A big problem starts to happen with massive downpours, which is compounded by the heavy winds breaking off lager branches all accelerating natural autumnal leaf fall. Larger branches and twigs get washed and trapped against the metal grills of man made culverts, which make a kind of nest which gets lined with all the leaves, which cloggs up the flow of water. When this happens, the water levels back up , rise and even greater erosion and flooding occurs.
This was back in November 2014
Luckily, there is a department within Torfaen Council who have responsibility for drainage. However, it isn't just culverts they look after, it is also all the drains on all the roads in the county. It doesn't take too many autumnal leaves to block these drains, resulting in localised flooding. It is impossible for these teams to be everywhere all of the time and in fact a dog walker told me this evening that they were out cleaning the culverts on the LNR only last week. To help out and from time to time, we get out our muck rakes as volunteers and help to clear out the culverts which pass through Henllys LNR. Today was one of those days, in the pouring rain.
At the minute, the whole LNR is saturated and the ponds are full. There is surface water everywhere and the streams are all raging. The desire lines are all marshy (apart from on our Gwent High Sheriff's Community Fund path) and the water is just finding its own way down to the lowest point. I came across this really interesting rutted stream where the water just flows its way down off the main meadow and then disappears down a hole. This looks cool, but I don't know if it is washing the bank away creating a potential hazard. Only time will tell. This little stream only came about as a result of LNR users walking along a desire line on the main meadow and the water will always take the easiest route.

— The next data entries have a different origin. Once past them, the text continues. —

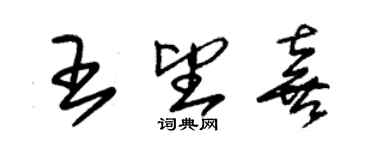 朱錫榮王望喜草書個性簽名怎么寫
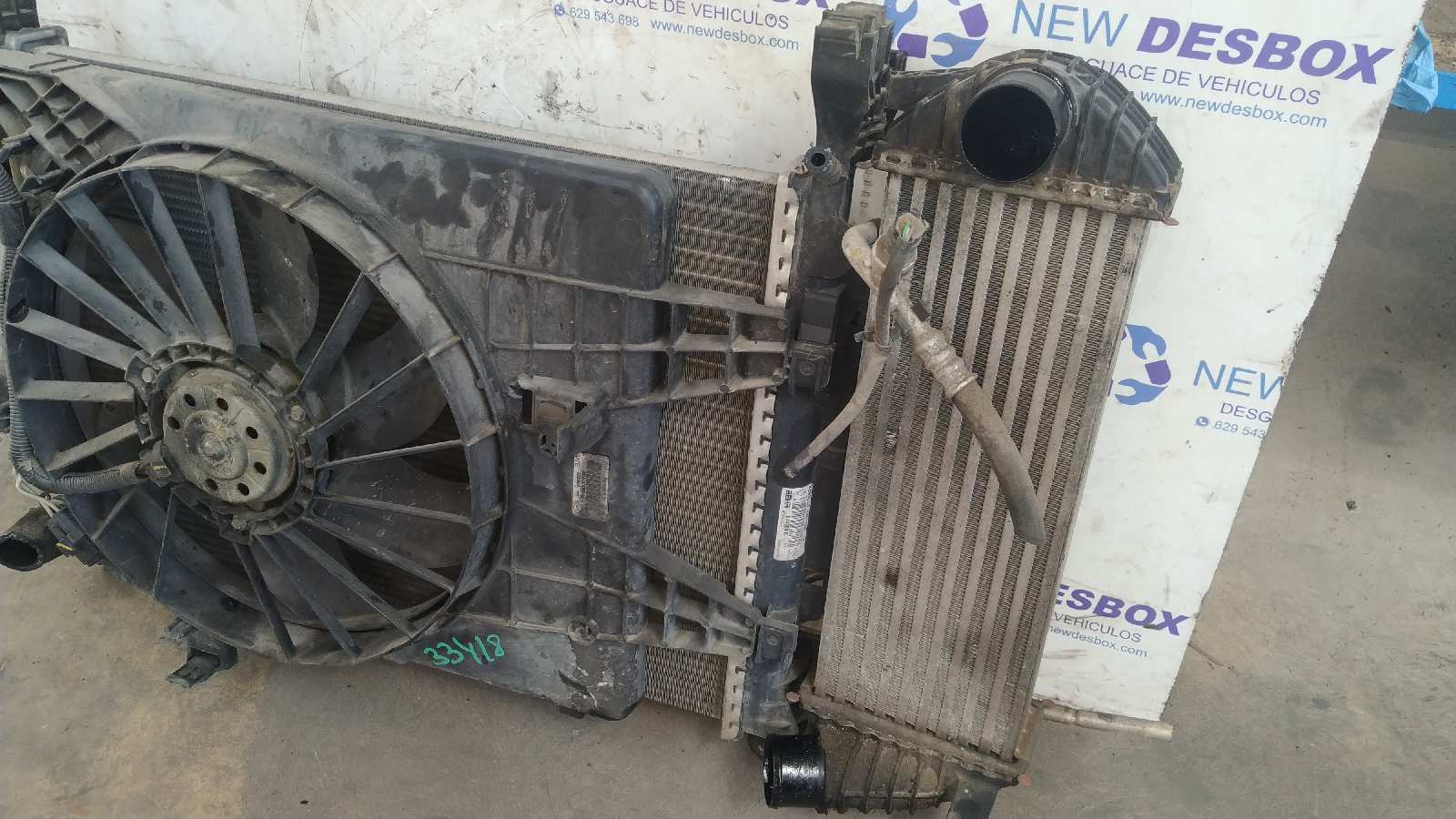 RADIADOR AGUA RENAULT KANGOO - vista 3
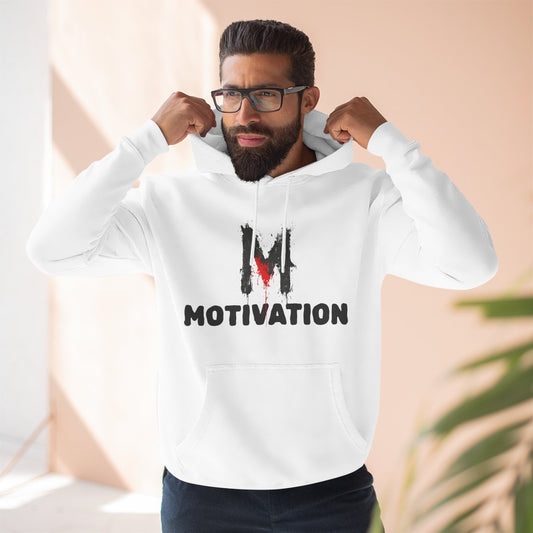 "M" Motivational Fleece Hoodie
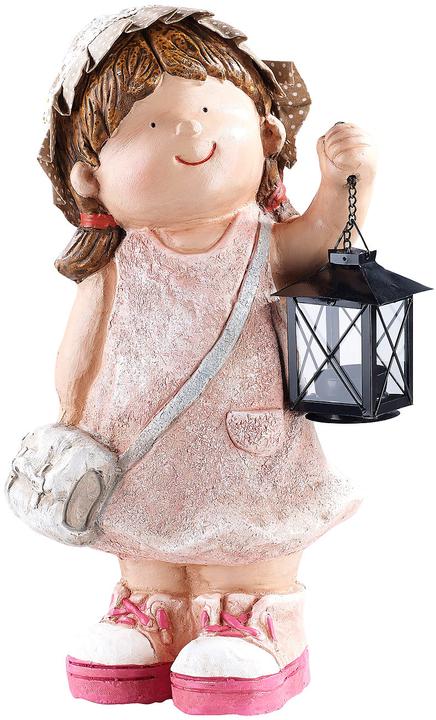 Image du produit Royal Gardineer Figurine décorative peinte à la main "Petite Anne" avec lanterne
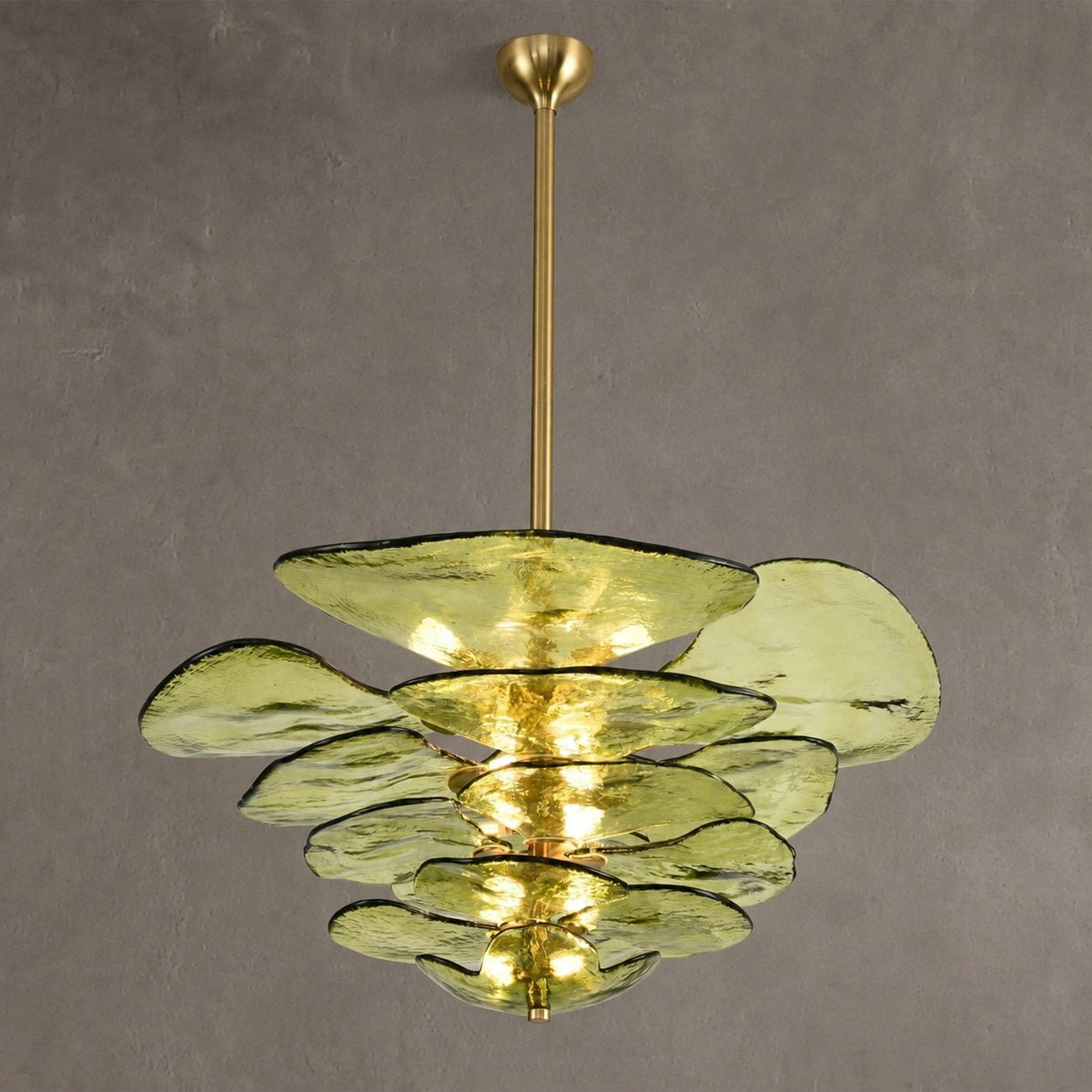 Petal Layered Murano Glass Chandelier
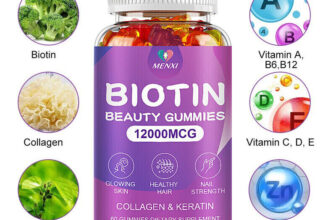 Organic Biotin & Collagen Gummies Hair Skin Nails Joints Vitamins Immune Support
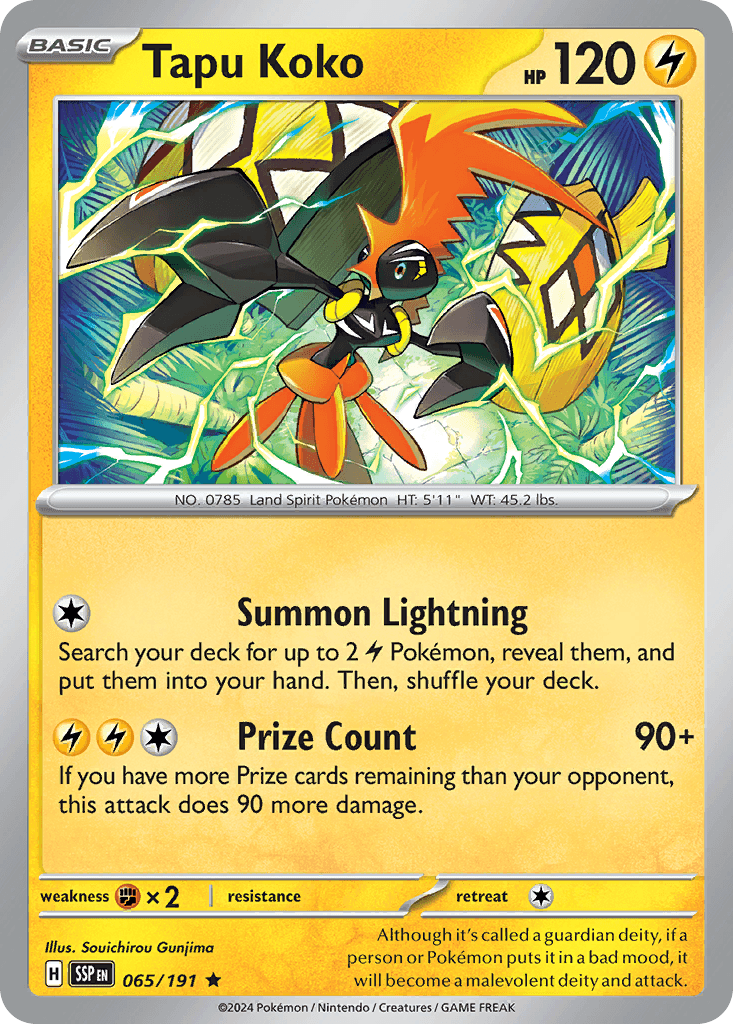 Tapu Koko Surging Sparks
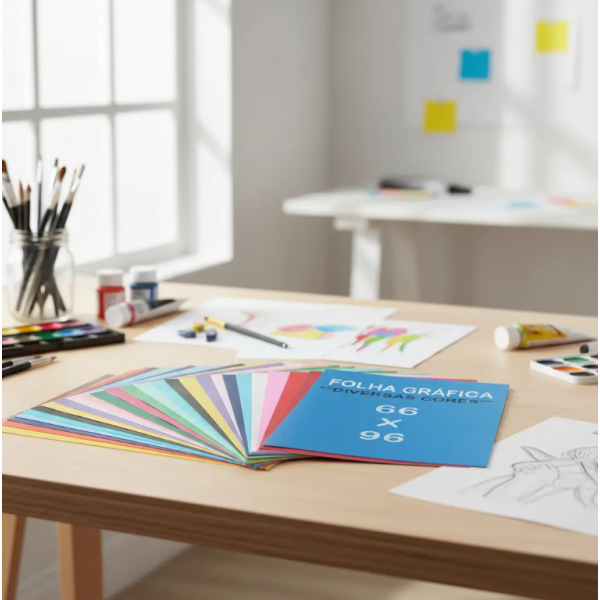 Papel Color Plus FOLHA GR�FICA 66x96 120g Kit c/10 Folhas
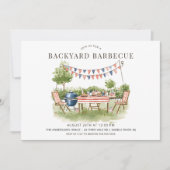 Invitation Jardin patriotique Barbecue (Devant)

As a final word of caution, if you are visiting the LNR, bring your wellies (and a buoyancy aid).

Thursday, 21 September 2017

Himalayan balsam, not so quick summary of our findings with data from 2014-17

As a young(ish), naïve(ish) volunteer in the early days of The Friends of Henllys Local Nature Reserve, I started looking at tackling Himalayan balsam.

Himalayan balsam 2009 (4 hours to clear) on the right in 2010 took 30 minutes to clear.
Many parts of England and Wales have this invasive non-native plant, not just along riverbanks where they take over, but also in woodlands, meadows and pond margins. These become dominant and outcompete almost all native vegetation in these areas, resulting in a huge loss of biodiversity.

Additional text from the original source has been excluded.